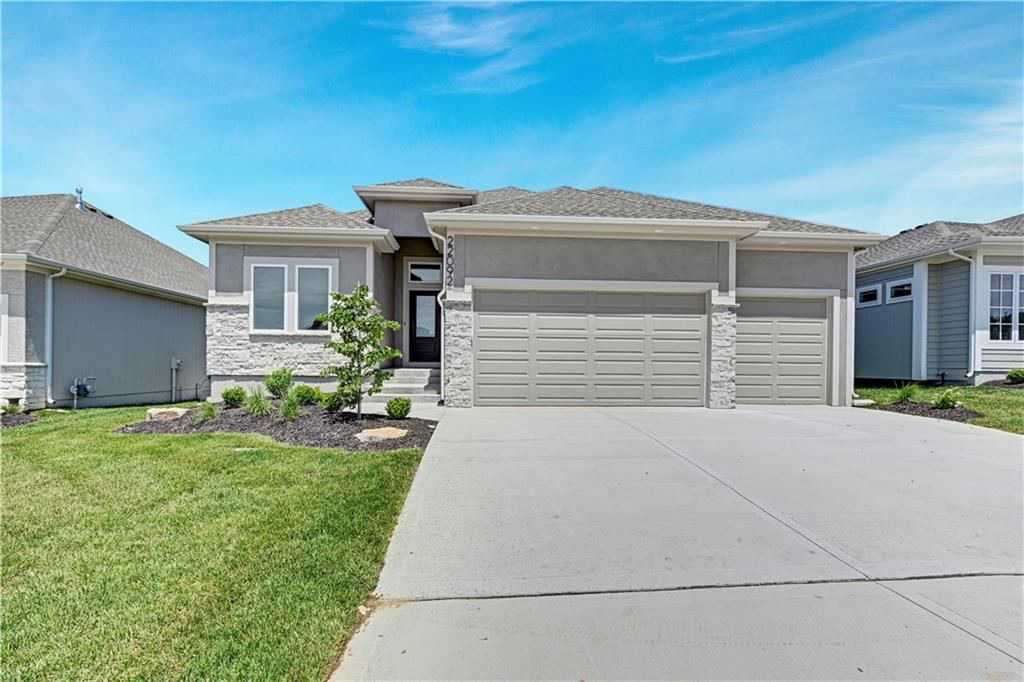 22092 W 94th Terrace, Lenexa, KS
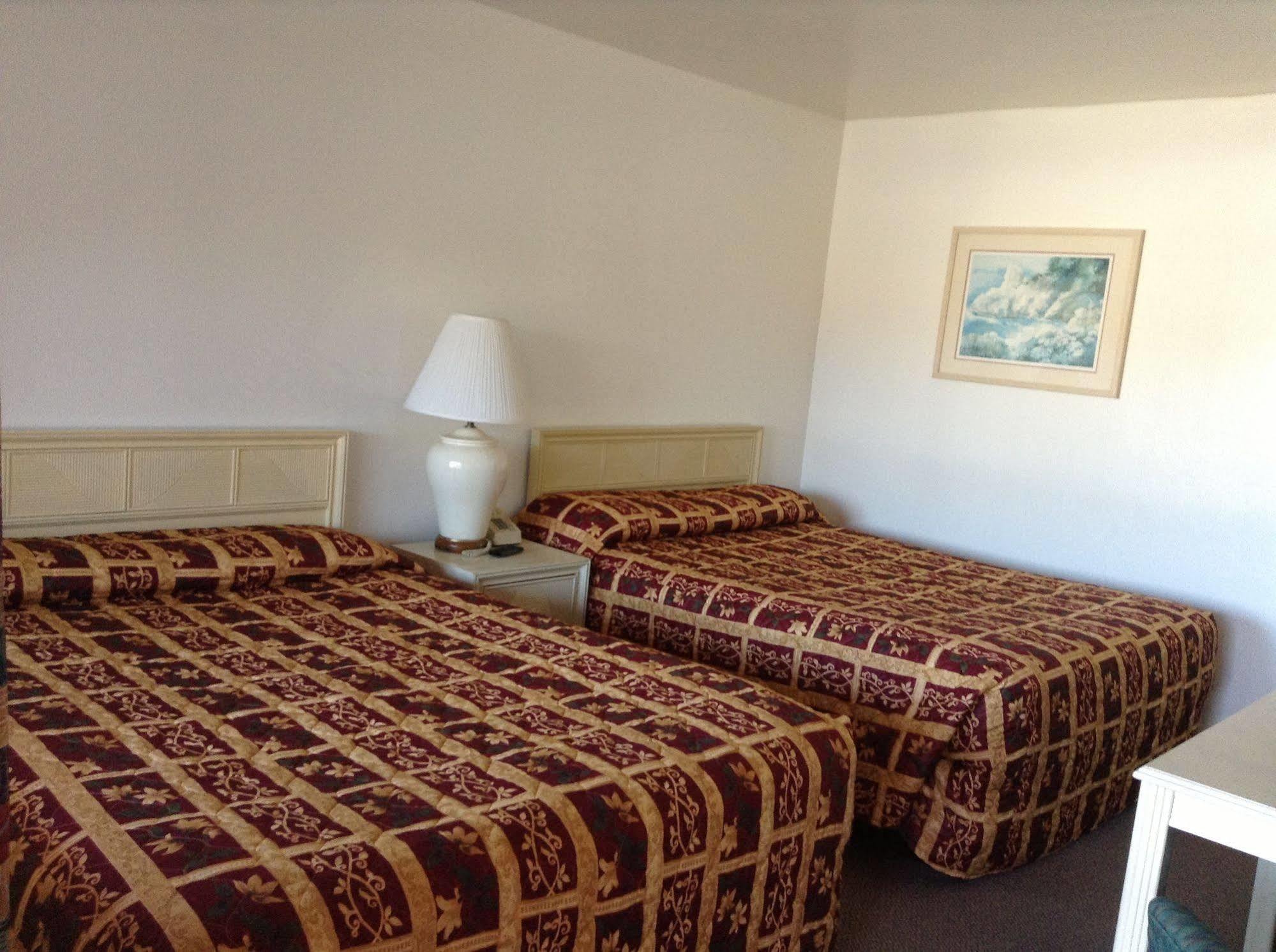 Front Street Inn Crescent City Ngoại thất bức ảnh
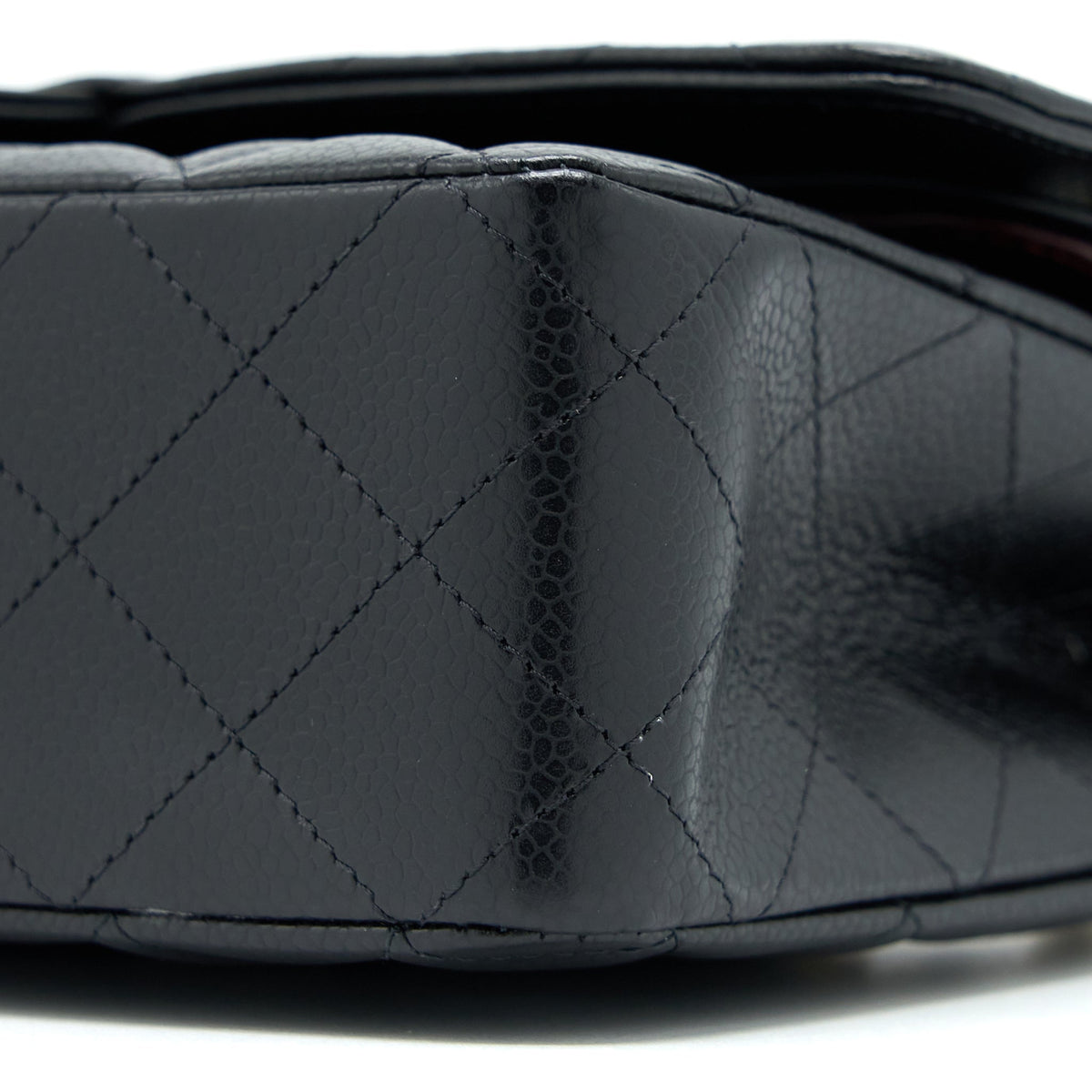 chanel-medium-classic-double-flap-bag-caviar-black-ghw-microchip-2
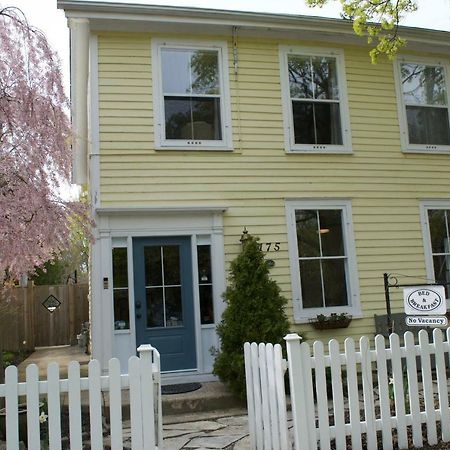 Queen Regent Bed & Breakfast Niagara-on-the-Lake Exterior photo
####
WHAT THE TASK ASKS: Once the line containing "Front Street Inn" is found, write it out exactly along with every line after it through the end of the listing, excluding pictures.

SOLUTION TO THE EXERCISE:
 Front Street Inn Crescent City Ngoại thất bức ảnh
 chanel-medium-classic-double-flap-bag-caviar-black-ghw-microchip-2
 Queen Regent Bed & Breakfast Niagara-on-the-Lake Exterior photo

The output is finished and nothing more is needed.